Pretende a recorrente que foram praticados actos, reduzidos a escrito, dos quais se pode retirar tacitamente a existência de uma renovação contratual.

Entre tais actos conta-se o facto constante do nº 11 da matéria dada como provada:

“Entre a A. através do seu representante CC e Ré, através dos seus representantes DD, EE e ainda directamente para a própria administração desta foi trocada, durante o ano de 2006, correspondência com vista a agilizar a negociação para venda de fracções do imóvel”.

Por outro lado está provado que a Autora prestou à Ré serviços de mediação em venda de imóveis entre a data de 03/12/2003 e 23/02/2009.
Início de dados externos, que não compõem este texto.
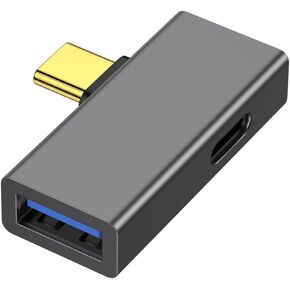 BCLINK 2-in-1 USB C to USB 3.1 Adapter with 100W Charging Port, Thunderbolt 4/3 OTG Converter for Meta Quest 2, iPhone 15, MacBook, iMac, iPad and More - Space Gray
Se analisarmos a correspondência travada entre Autora e Ré ao longo do ano de 2006, não podem restar dúvidas que, nesse período, ambas as partes consideravam em vigor o contrato de mediação imobiliária, trocando informações sobre a sua execução, ou seja a negociação para venda das fracções do imóvel em causa.

Entendemos que a renovação do contrato de mediação imobiliária não tem necessariamente de ser reduzida a escrito caso se mantenham os termos do contrato inicial (esse sim, reduzido a escrito) e este previsse já a possibilidade da sua prorrogação por acordo das partes.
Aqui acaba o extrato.